The U.S. Navy wants to arm its Boeing P-8 Poseidon patrol planes with new anti-ship missiles plus precision-guided bombs, mines and aerial decoys.
If the fleet follows through on the plan, the Navy will acquire its first new bomber aircraft in generations. The last A-6 bombers left the fleet in the late 1990s.
The jet-propelled P-8, which rapidly is replacing older, propellor-driven P-3s in Navy squadrons, already carries anti-submarine torpedoes, Harpoon anti-ship missiles and Standoff Land-Attack Missiles Expanded Response, or SLAM-ERs
But now the Navy wants to add Long-Range Anti-Ship Missiles, Joint Direct Attack Munitions, Small-Diameter Bombs, Mark 62/63/65 mines and Miniature Air-Launched Decoys. The fleet announced the addition in a February 2020 solicitation to industry.
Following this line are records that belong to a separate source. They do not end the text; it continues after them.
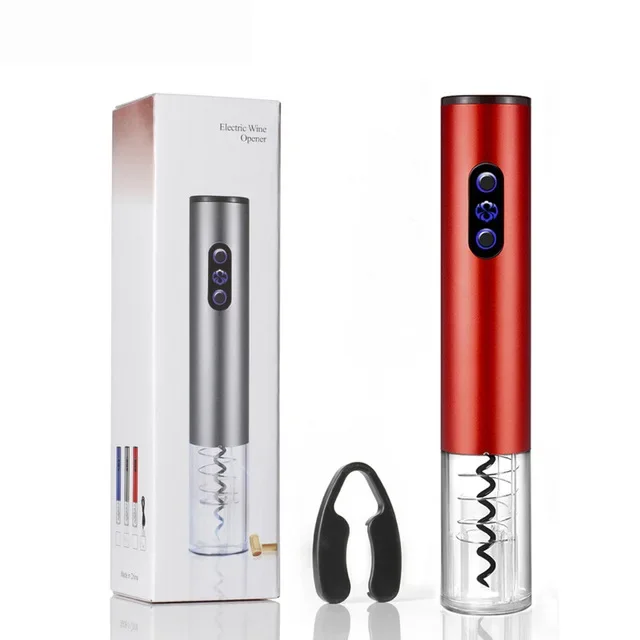 Electric Wine Bottle Opener Set LED Automatic Cork Screw Professional Wine Opener with Foil Cutter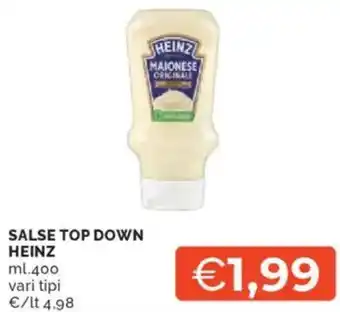 Mercatò Salse top down HEINZ offerta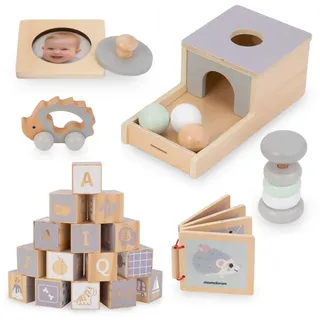 Mamabrum Montessori Holz-Spielzeug-Set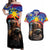 Philippines Lion and Eagle 1898 Couples Matching Off Shoulder Maxi Dress and Hawaiian Shirt Pilipinas Maligayang Araw ng Kalayaan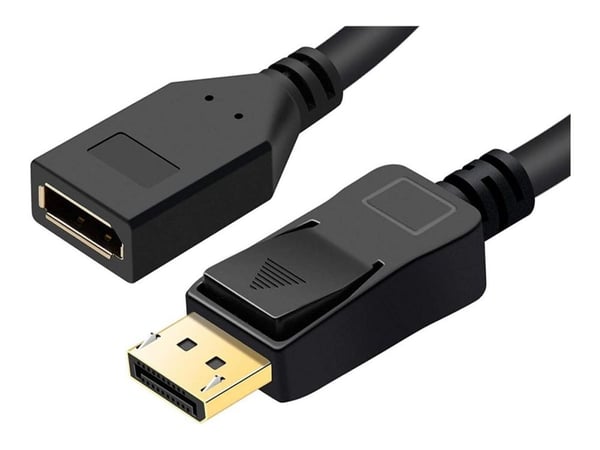 MicroConnect - DisplayPort-forlengelseskabel - DisplayPort (hann) hasp til DisplayPort (hunn) hasp - DisplayPort 1.1 - 50 cm - svart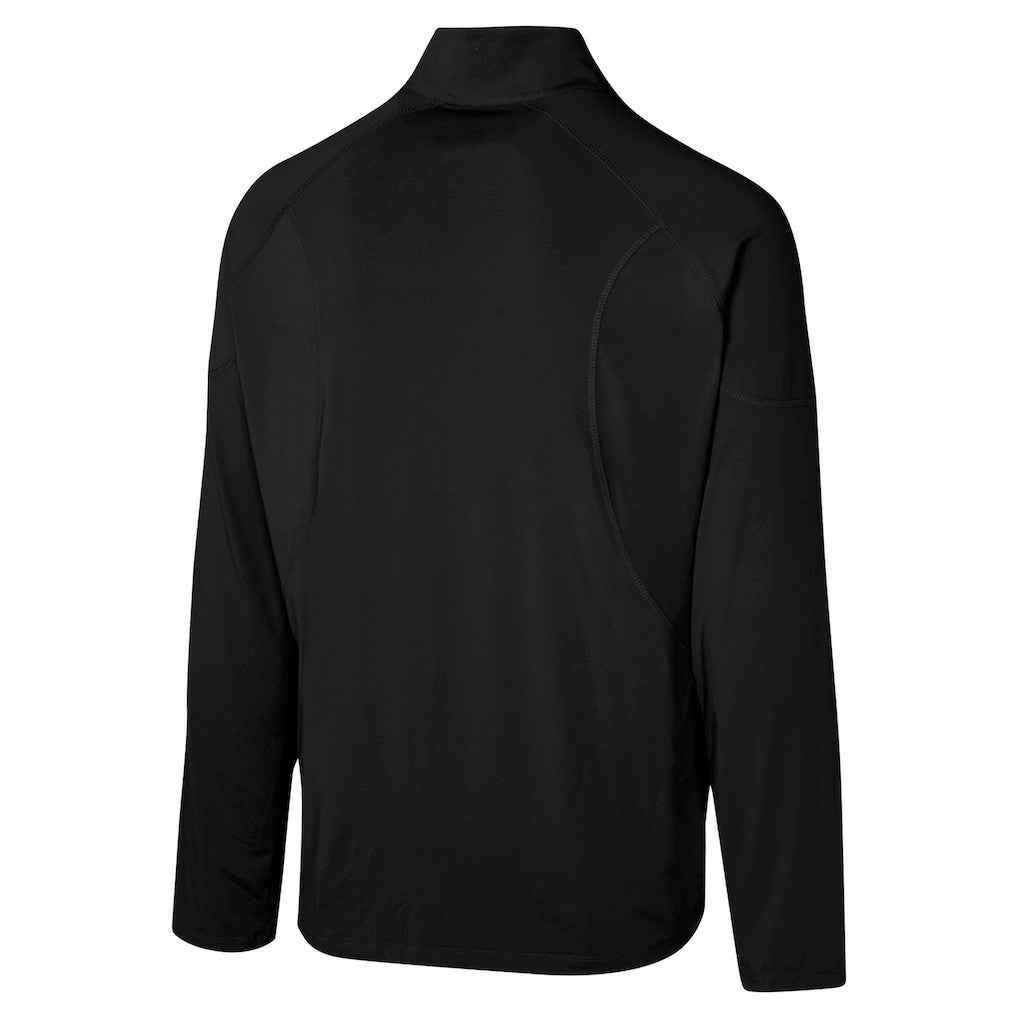Cincinnati Bengals Grind Iron Quarter-Zip Top Black - NFL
The new weapons greatly would expand the kinds of targets the P-8 can attack. The Poseidon is a modified 737NG airliner with a new wing, military sensors and communications as well as an internal weapons bay and wing pylons for munitions.
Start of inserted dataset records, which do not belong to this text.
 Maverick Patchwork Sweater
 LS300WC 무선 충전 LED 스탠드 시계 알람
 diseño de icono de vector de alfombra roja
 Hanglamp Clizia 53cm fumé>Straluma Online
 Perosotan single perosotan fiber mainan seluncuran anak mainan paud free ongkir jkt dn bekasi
With its current loadout, the P-8 can strike ships and land targets more than 150 miles away plus submarines at shorter distances. Adding LRASM would extend the Poseidon’s striking range to greater than 200 miles for sea targets.
JDAM and SDB, while more limited in range than SLAM-ER is, would give P-8 crews the option of striking coastal installations and supporting ground troops in lightly-defended air space. The addition of an air-launched decoy could improve the P-8’s survivability against enemy air-defenses.
But adding these new munitions doesn’t necessarily alter the P-8’s role. The Navy uses its planned fleet of at least 177 Poseidons for maritime patrol, anti-submarine warfare, anti-ship strikes and over-land surveillance using a secretive, underslung radar.
The APS-154 Littoral Surveillance Radar System transforms the P-8 into a surface-surveillance platform similar to the U.S. Air Force's E-8 radar plane.
U.S. Navy P-8s were part of NATO’s response after Russia in October 2019 sortied eight submarines at one time into into the cold waters of the Barents and Norwegian Seas.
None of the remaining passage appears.